■ Work to be completed
Once "240カプセル、Biotin 5000mcg及びビタミンC 25mg、1サポートの3" turns up in a line below, reproduce that line and those after it exactly, stopping after the line with "Digital Download ONLY!!"; leave pictures out.

■ Listed records
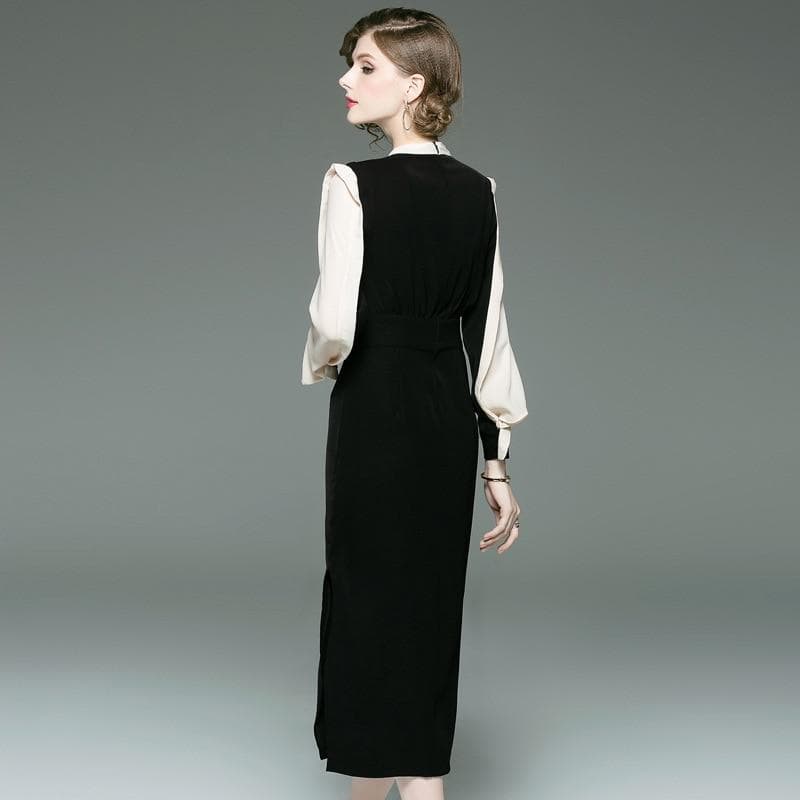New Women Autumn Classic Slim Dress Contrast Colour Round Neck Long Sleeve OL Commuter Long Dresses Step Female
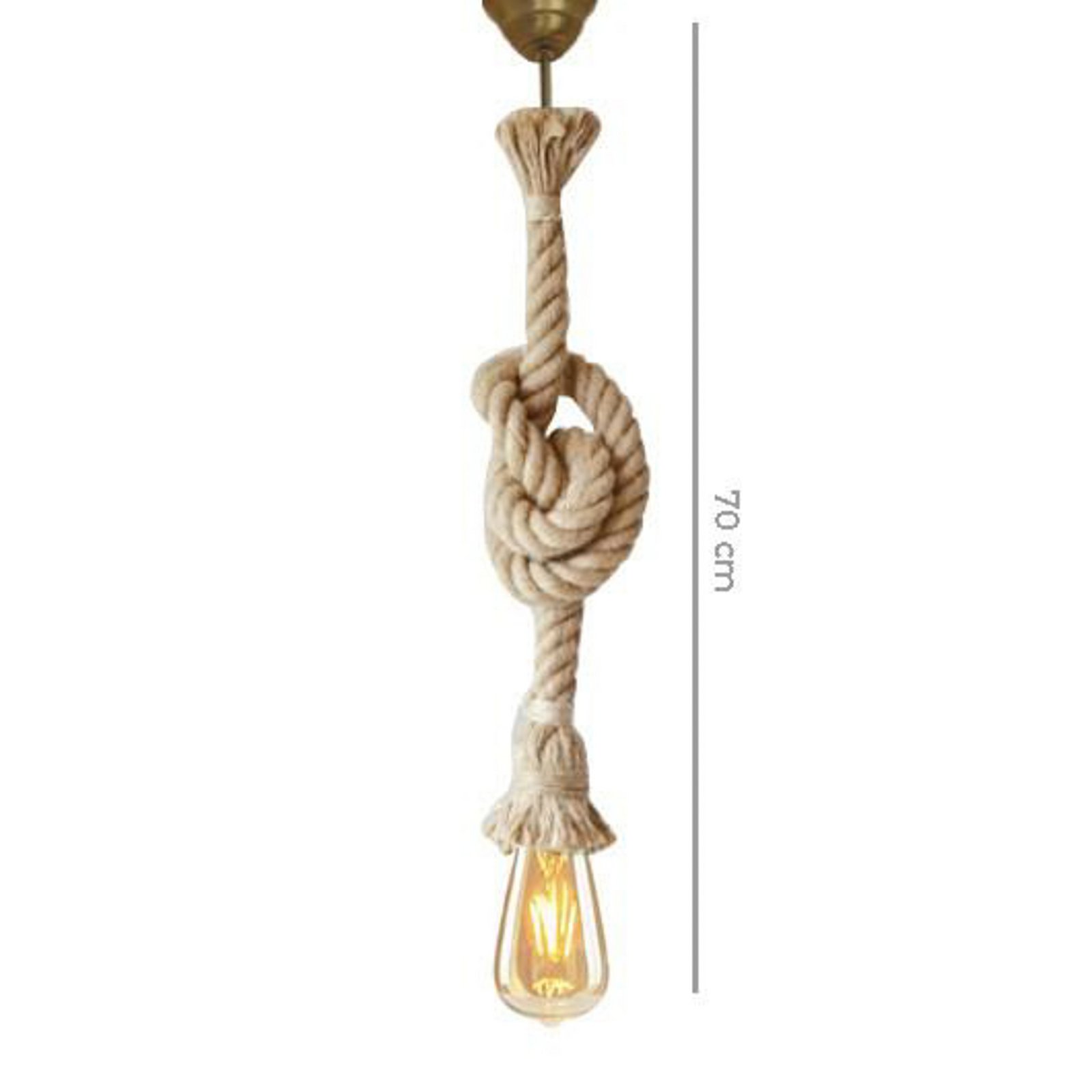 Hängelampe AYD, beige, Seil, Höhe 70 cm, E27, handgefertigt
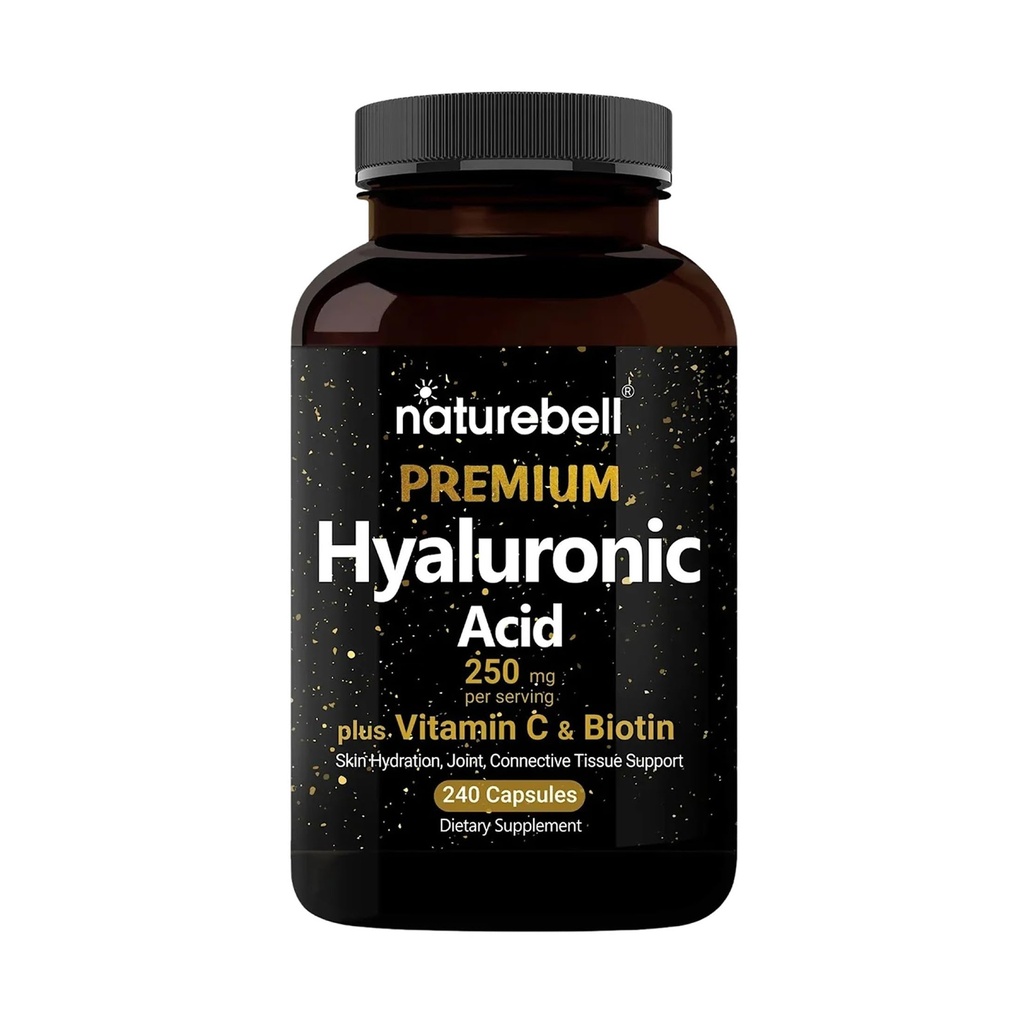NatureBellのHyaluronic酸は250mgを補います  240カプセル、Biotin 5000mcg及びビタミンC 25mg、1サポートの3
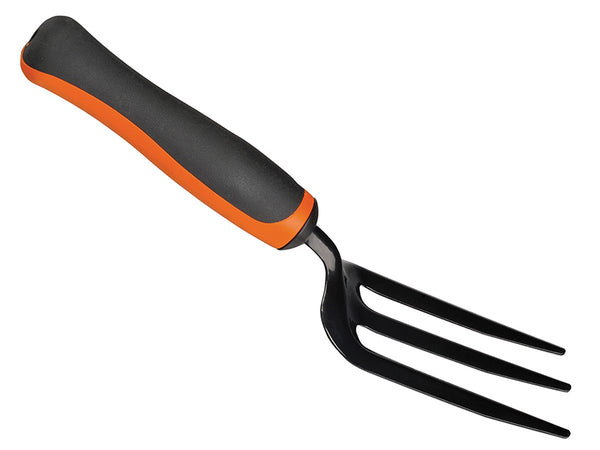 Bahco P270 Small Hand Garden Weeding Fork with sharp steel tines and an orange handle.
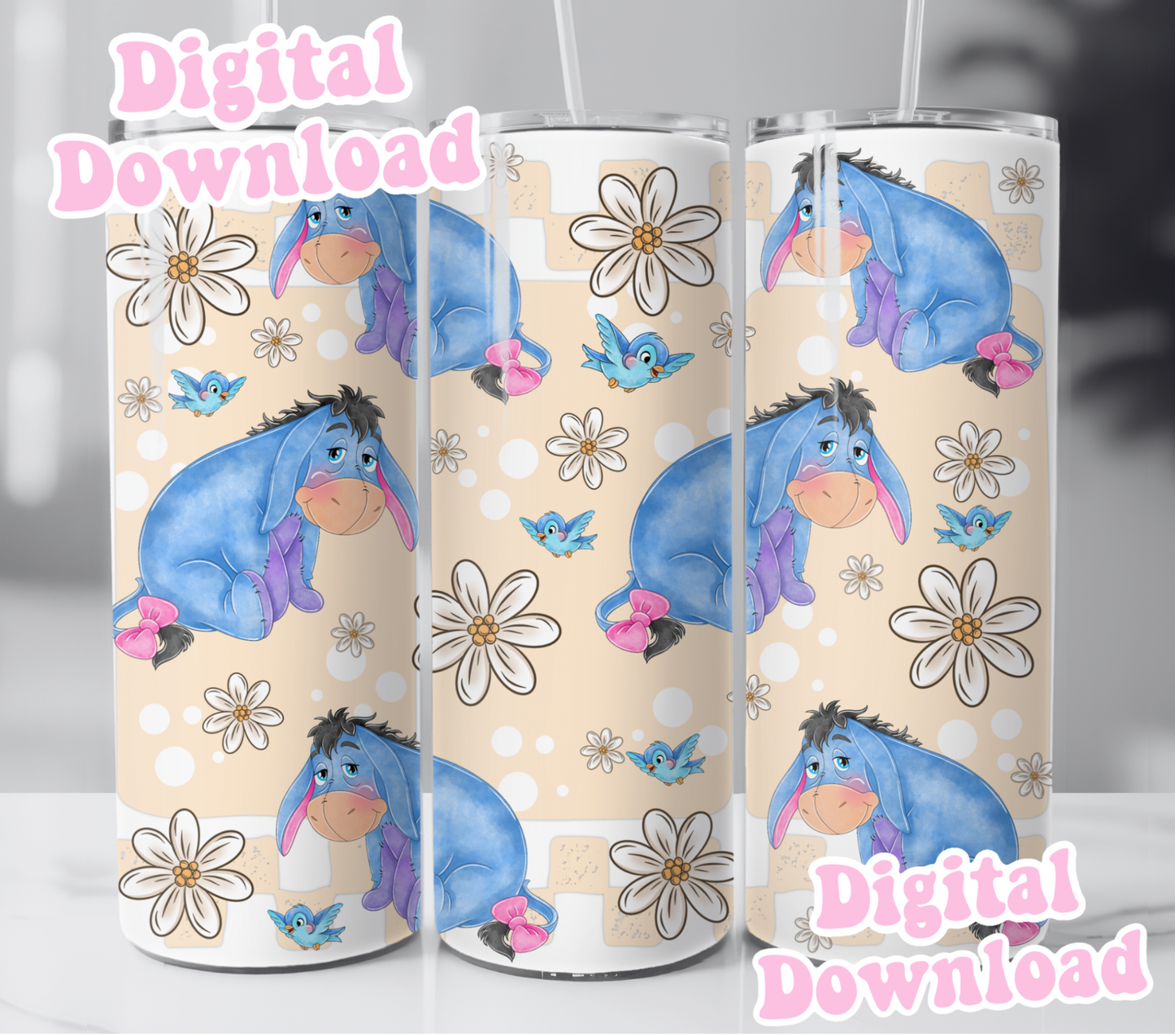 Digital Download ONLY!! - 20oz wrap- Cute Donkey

...

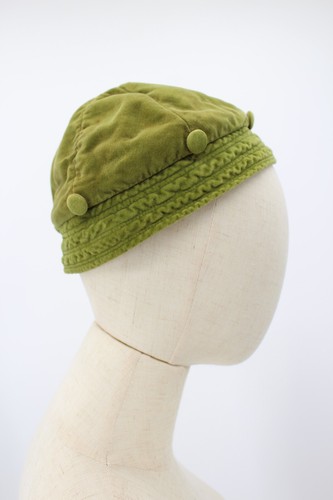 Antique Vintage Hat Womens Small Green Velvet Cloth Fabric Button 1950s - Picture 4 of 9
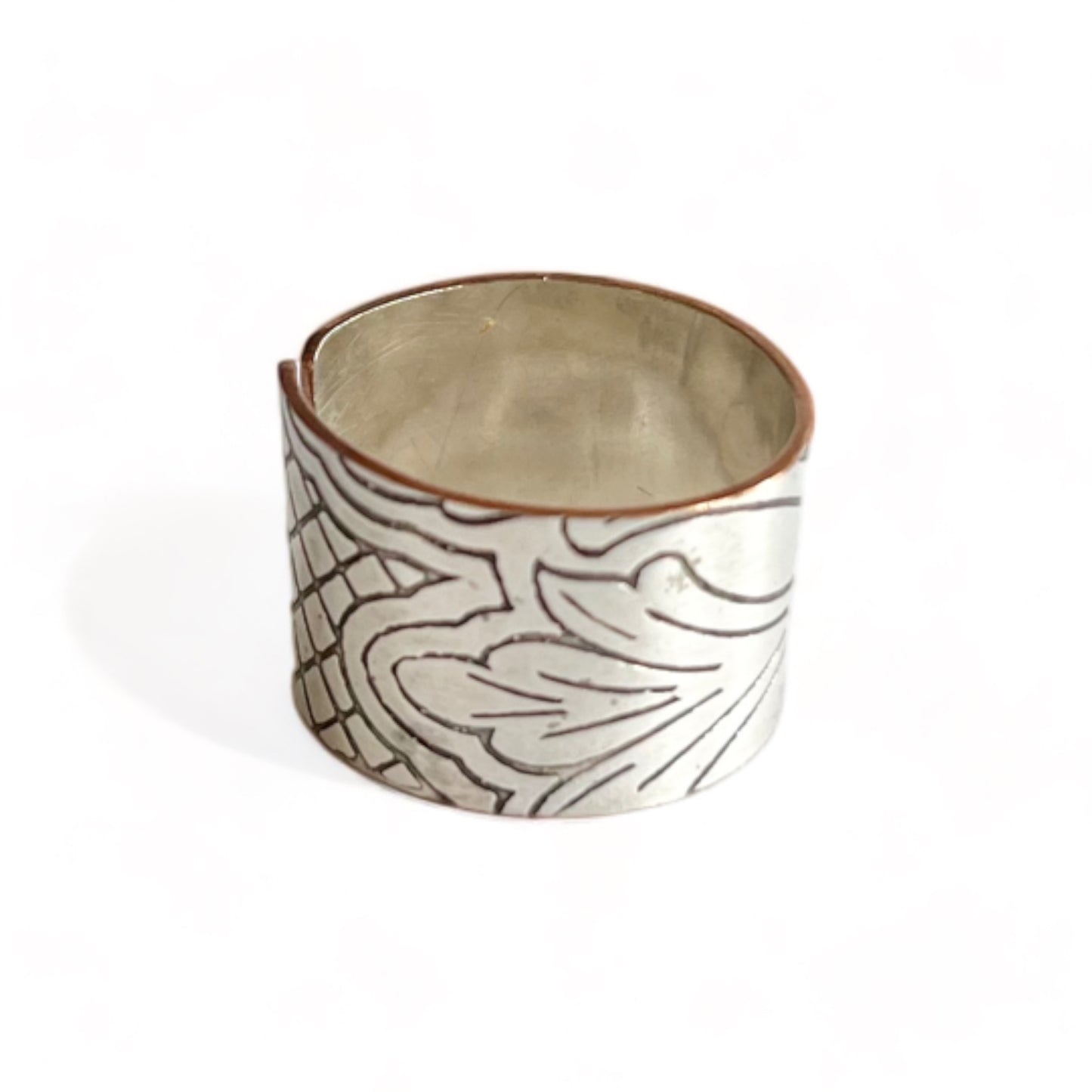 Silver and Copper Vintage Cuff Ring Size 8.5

■ Exercise solution
NatureBellのHyaluronic酸は250mgを補います  240カプセル、Biotin 5000mcg及びビタミンC 25mg、1サポートの3
 Bahco P270 Small Hand Garden Weeding Fork with sharp steel tines and an orange handle.
 Digital Download ONLY!! - 20oz wrap- Cute Donkey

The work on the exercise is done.